**EXERCISE AIM**
Give back exactly the lines of the entries below from the line with "Traffic lights with" to the line with "Nike LeBron Witness", inclusive, and only those.

**THE INPUT**
===============
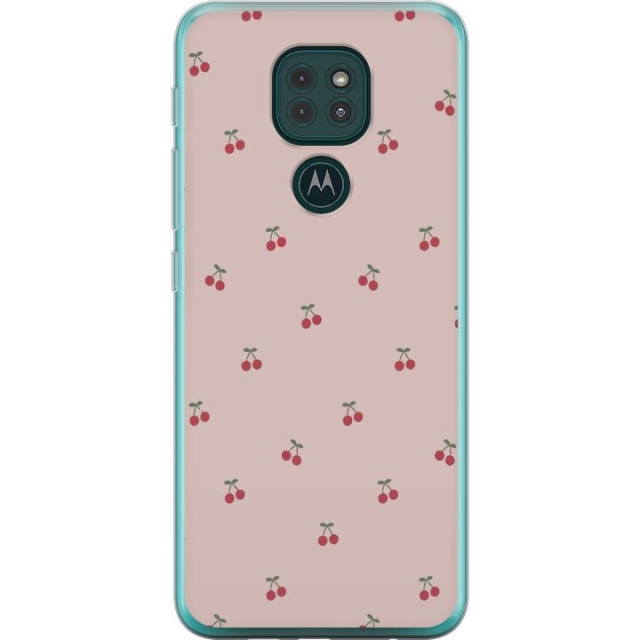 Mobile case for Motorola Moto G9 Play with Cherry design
===============
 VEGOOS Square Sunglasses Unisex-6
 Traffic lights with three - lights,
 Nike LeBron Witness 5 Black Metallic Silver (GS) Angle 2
===============
**OUTPUT OF THE TASK**
 Traffic lights with three - lights,
 Nike LeBron Witness 5 Black Metallic Silver (GS) Angle 2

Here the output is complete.